Our ops team has to work closely with our engineering teams in order to be successful and solve problems. When working through our issues that involve Cassandra tuning, we've found that it's key to be able to have test cases that fail quickly. It's very, very important; you can't make a change and then wait for the team to go through a two-hour load test cycle to see whether or not it's going to fail. We've found that this helps us to get through to resolutions and to run through test scenarios much more quickly. 

We've also found that bringing in DataStax support and sometimes professional services has really allowed us to be able to get through these issues a lot sooner. They've been fantastic partners for us. We always get valuable, helpful expertise from the people that get assigned to our account.

7. Was there anything else that bringing DataStax on board has really helped improve?

DataStax is not shy about telling us about which version of Cassandra would be the best for our certain situation. For example, teams have told us that the version that we were using has known bugs and is not stable, and that we needed to get upgraded as quickly as possible. We've been able to establish a lot of trust there. 

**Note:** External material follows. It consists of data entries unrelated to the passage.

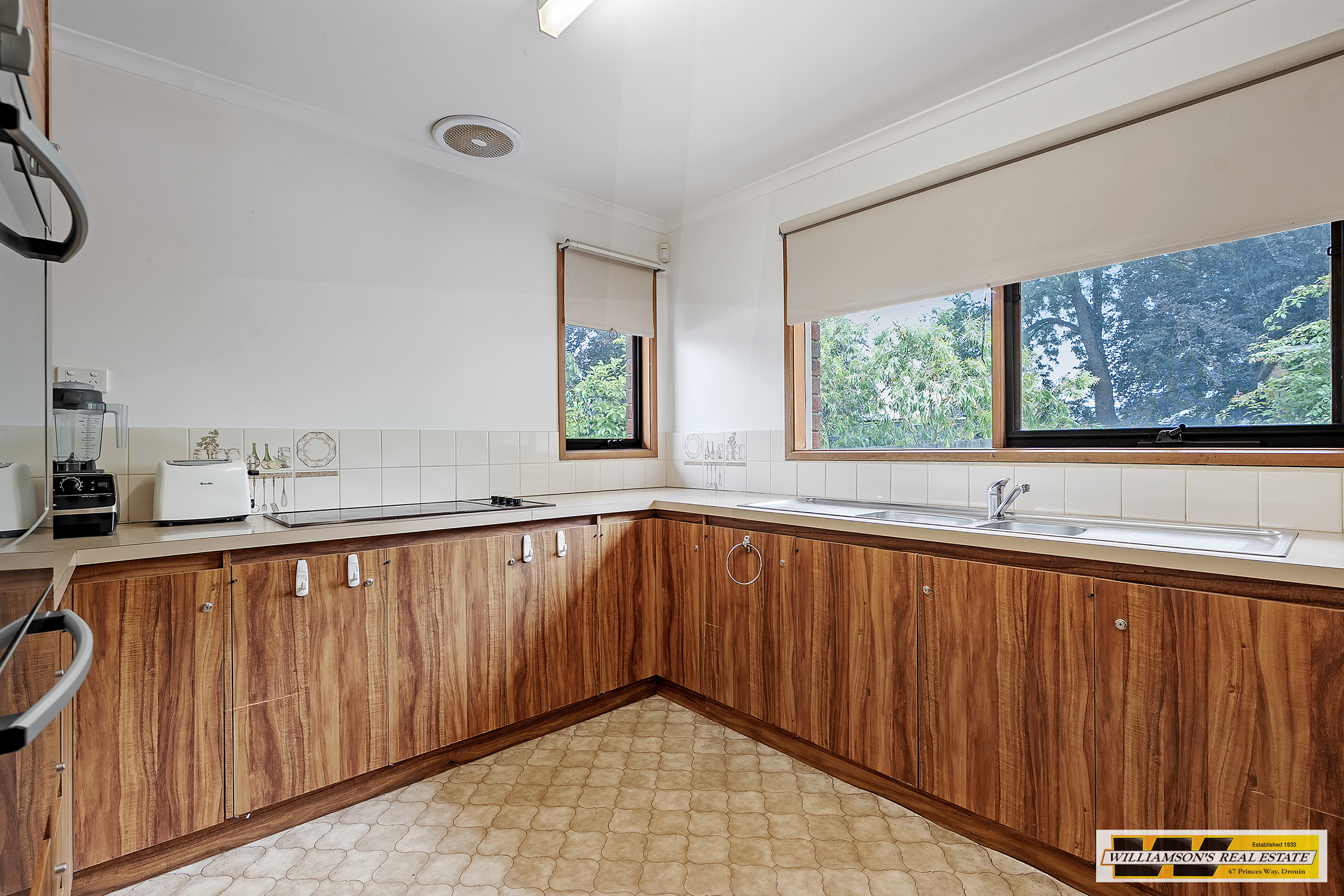 2/11 Bowen Street, Warragul, VIC 3820 - Image 4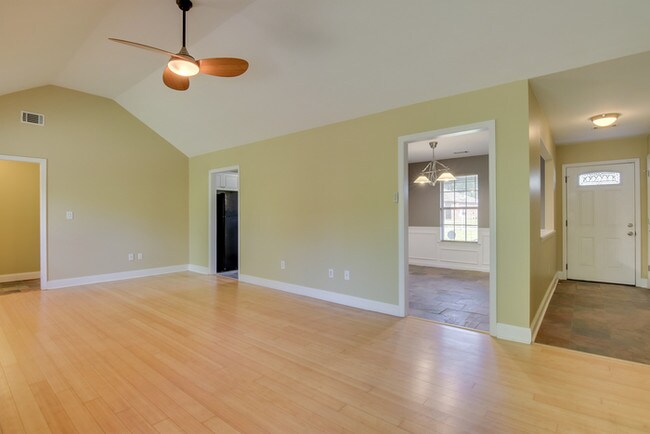 Building Photo - Beautiful Three Bedroom w/Garage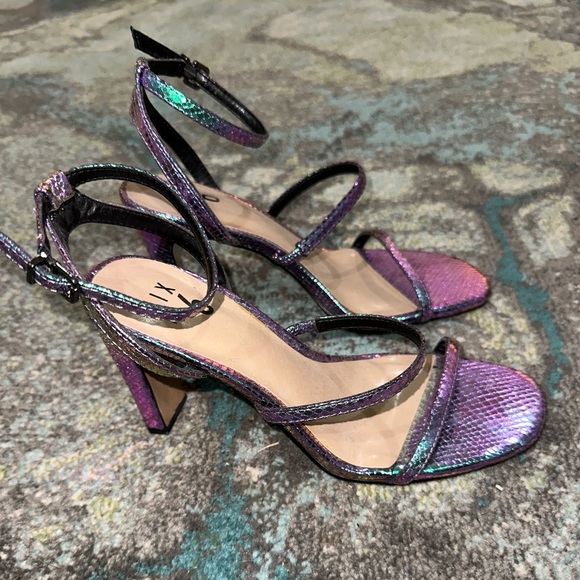 NWOT Iridescent Strappy Heels - Picture 4 of 6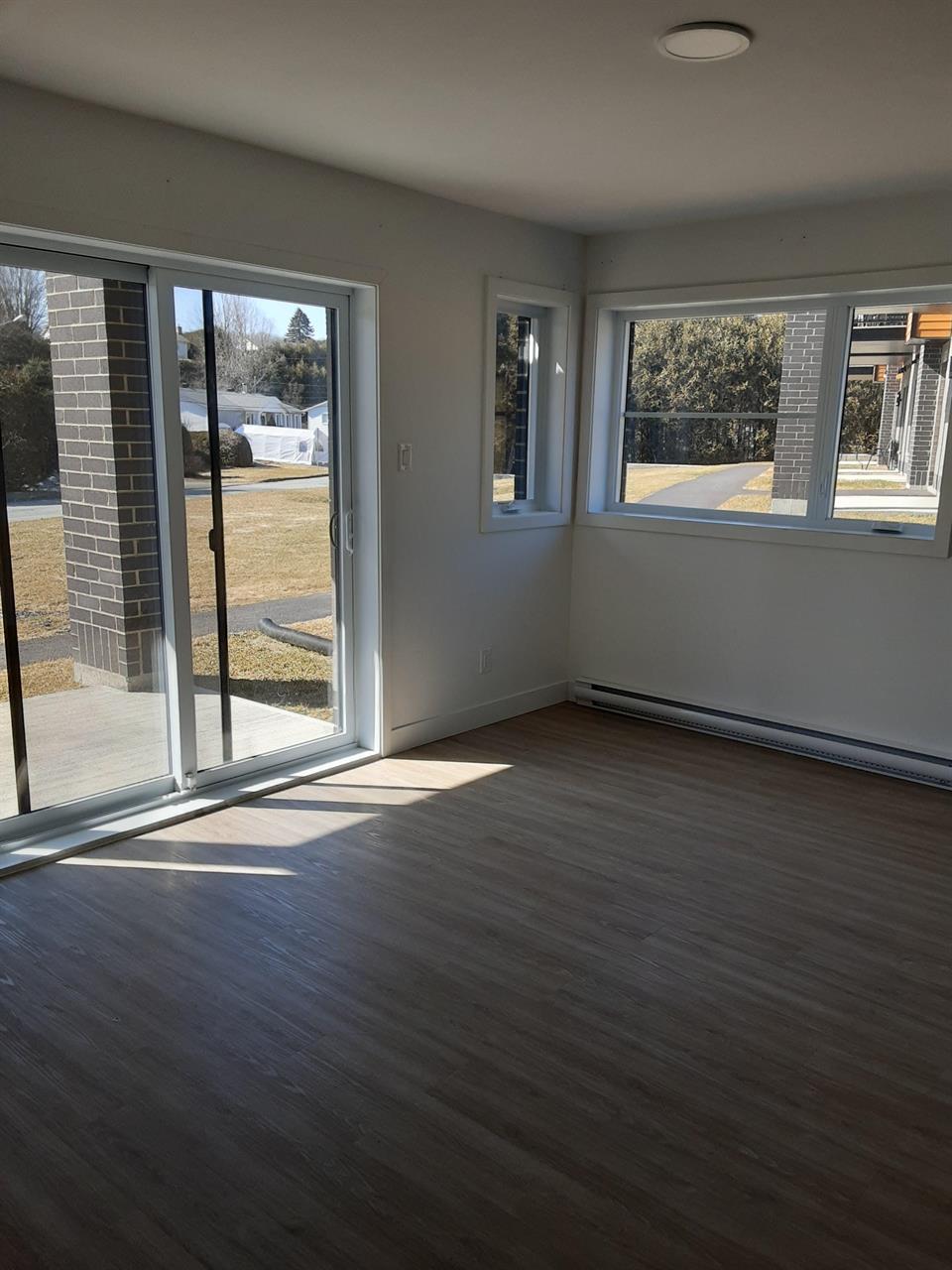Immeuble - 299 Chemin Plante Appartement à Louer – 4 Et Demi | 2931554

We've also tried to establish our monitoring and get that all set up. That has allowed us to be in a good situation and to be able to see things happen before our application teams see it.

8. Do you have any advice for enterprises or developers that are trying to navigate today's software landscape? What are some things that you've learned that you think would be helpful to others that are just getting started on their journey?

Unfortunately, managing IT in today’s world is complicated. The software landscape is big and it's changing all the time. We're constantly trying to come up with our corporate standards to architect against this changing landscape. 

We've found that having a partner to lean on is really helpful in balancing what the next shiny thing down the road is versus known stability. That's been extremely helpful. 

As for other advice: Having operations working closely with the software dev teams to come to a common goal has been extremely helpful for us.

9. Looking ahead, what's your vision for your projects? What, going forward, do you hope to achieve? What would you like to be able to do?

We want to establish Cassandra as a platform, as a service (PaaS), and to be able to have all of the instrumentation in place so that we see stresses and issues with our systems before application teams start to see it within their applications. We want to be able to have a clear delineation of... when I see this, it means this, and how do I fix it? How do I fix it, tune against it, or see whatever I need to do from the operations side? 

We're starting to investigate Cassandra on Kubernetes, running DataStax on Kubernetes.

There are a couple of things from the infrastructure side, but Cassandra's going to continue to be a big player at Cengage. It’s starting to get a lot of support internally, so we want to make it as a valued enterprise resource.